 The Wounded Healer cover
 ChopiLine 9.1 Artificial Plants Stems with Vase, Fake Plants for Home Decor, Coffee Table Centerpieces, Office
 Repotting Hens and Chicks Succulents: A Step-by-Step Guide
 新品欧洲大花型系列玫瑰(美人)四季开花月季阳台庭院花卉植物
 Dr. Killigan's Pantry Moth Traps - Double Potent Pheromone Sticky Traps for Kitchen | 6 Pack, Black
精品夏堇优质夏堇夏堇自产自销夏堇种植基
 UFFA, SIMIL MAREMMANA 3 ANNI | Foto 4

* * *

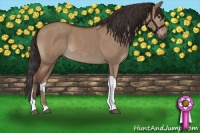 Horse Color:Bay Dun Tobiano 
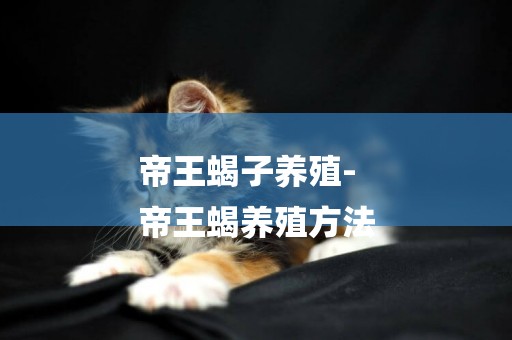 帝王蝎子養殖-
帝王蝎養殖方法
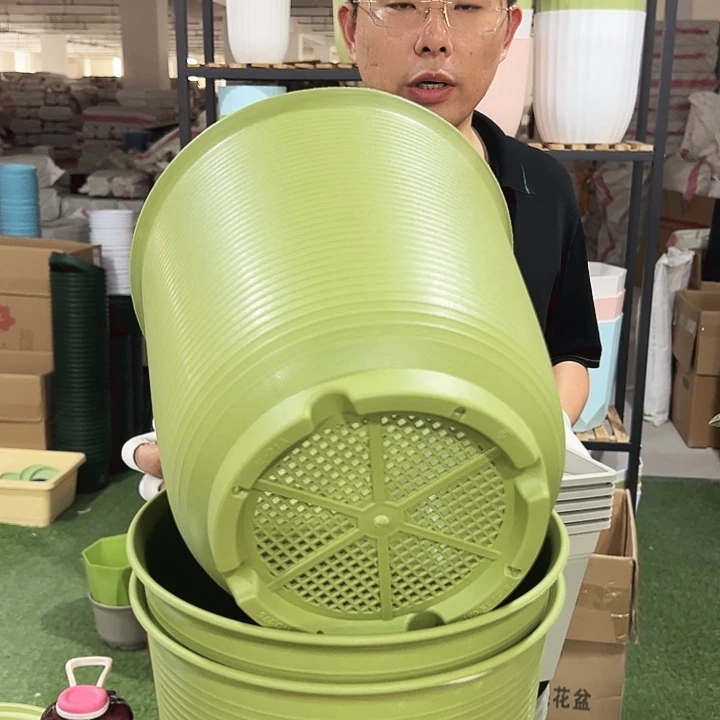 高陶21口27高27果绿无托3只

==

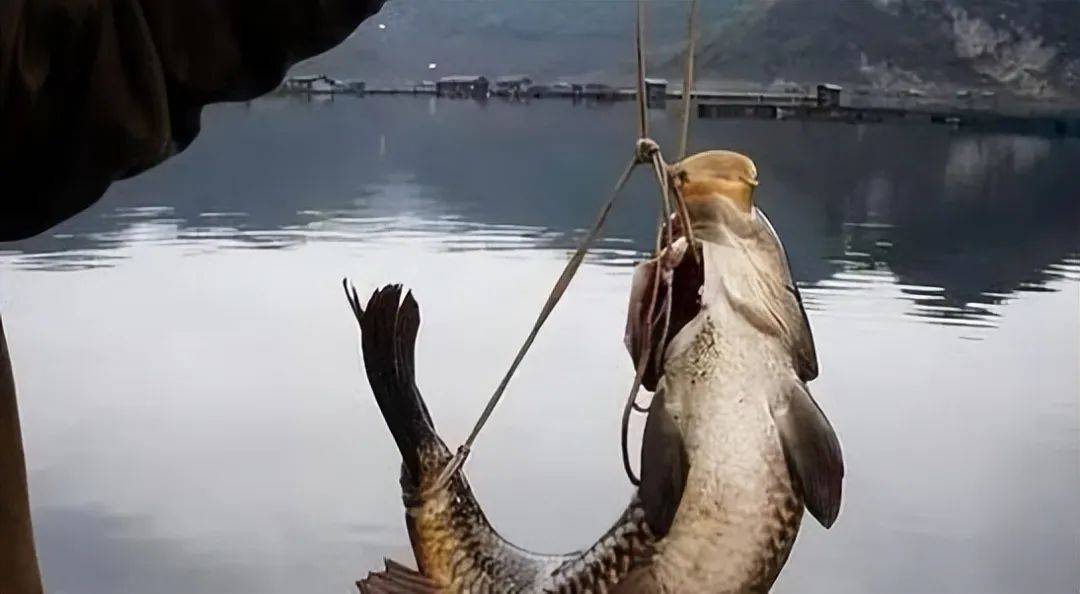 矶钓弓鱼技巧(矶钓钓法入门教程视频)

Task details: Above are the records; from them, give again exactly the lines from the one containing "The Wounded Healer cover" through the one containing "新品欧洲大花型系列玫瑰(美人)四季开花月季阳台庭院花卉植物", both included.

Worked solution:
 The Wounded Healer cover
 ChopiLine 9.1 Artificial Plants Stems with Vase, Fake Plants for Home Decor, Coffee Table Centerpieces, Office
 Repotting Hens and Chicks Succulents: A Step-by-Step Guide
 新品欧洲大花型系列玫瑰(美人)四季开花月季阳台庭院花卉植物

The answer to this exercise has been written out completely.